To show that our EC function outputs the same result as the TC function, let's test it on this last example that had correlated data.

In [11]:
ecovar_matrix, _ = ec_covar(X, corr_sets=[0,1,2])
print('Expected values if not correlated:', np.diagonal(Sigma_offdiag))
print('Estimated values:', np.diagonal(ecovar_matrix))

Expected values if not correlated: [1 2 3]
Estimated values: [ 0.78239025  3.25239688 -1.01074947]


Great! So, the EC function returned the exact same estimates as the TC function. Its only additional requirement was for us to say what data sets we thought would be correlated (independent). For this example, we assumed all were independent, even though we knew the first and last were correlated. Now, let's try adding an additional observing system that is independent of the other three to see if we can recover covariances in the errors. To do so, we will add another row and column to the previous error covariance matrix giving:

$\Sigma = \begin{pmatrix} 1 & 0 & 1 & 0 \\ 0 & 2 & 0 & 0 \\ 1 & 0 & 3 & 0 \\ 0 & 0 & 0 & 2 \end{pmatrix}$,

and use affine transformation parameters of $\alpha_l = 1$ and $\beta_l = 2$.

In [12]:
Sigma_offdiag = np.array([[1, 0, 1, 0], [0, 2, 0, 0], [1, 0, 3, 0], [0, 0, 0, 2]])
X = generate_sample(500, Sigma_offdiag, alpha=[0, 2, 4, 1], beta=[1, 3, 5, 2])

ecovar_matrix, _ = ec_covar(X, corr_sets=[0, 1, 0, 2])
print('Expected values error covariance matrix: \n', Sigma_offdiag)
print('Estimated error covariance matrix: \n', ecovar_matrix)

Expected values error covariance matrix: 
 [[1 0 1 0]
 [0 2 0 0]
 [1 0 3 0]
 [0 0 0 2]]
Estimated error covariance matrix: 
 [[0.94460279 0.         0.64021659 0.        ]
 [0.         2.08540386 0.         0.        ]
 [0.82703071 0.         2.37581586 0.        ]
 [0.         0.         0.         2.14477865]]


As we can see, adding this additional data set allowed use to have a better estimate of the error variances and covariance. While not all estimates are within 10% of the true value, additional samples would increase the accuracy, similar to what is shown above.

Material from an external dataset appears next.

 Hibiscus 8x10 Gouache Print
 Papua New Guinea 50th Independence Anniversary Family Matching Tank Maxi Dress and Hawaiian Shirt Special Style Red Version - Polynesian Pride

> Note that the error covariance estimates on the off-diagonals are not the same value. This difference is a result of how these terms can be estimated. The error covariance term is determined as $\sigma_{\varepsilon_i, \varepsilon_j} = \sigma_{ij} - \frac{\sigma_{ik} \sigma_{jl}}{\sigma_{kl}}$, where $\sigma_{ij}$ is the covariance of observing systems $i$ and $j$ (and similarly for $k$ and $l$). With this formulation, it is theoretically expected that $\sigma_{\varepsilon_i, \varepsilon_j} = \sigma_{\varepsilon_j, \varepsilon_i}$. However, while $\sigma_{ij} = \sigma_{ji}$, $\sigma_{ik} \sigma_{jl} \ne \sigma_{jk} \sigma_{il}$ in practice due to random noise in the data causing slight non-zero values in these covariances. Therefore, $\sigma_{\varepsilon_i, \varepsilon_j} \ne \sigma_{\varepsilon_j, \varepsilon_i}$ leading to the differences in off diagonal values. When quoting $\sigma_{\varepsilon_i, \varepsilon_j}$ instead of the whole error covariance matrix, we recommend averaging the corresponding off-diagonal values

Finally, while we only show and EC example for four observing systems, EC can be expanded to include any number of observing systems. By adding more systems, more correlations of errors between data sets are allowed, with the only requirement being that at least three of the observing systems are independent.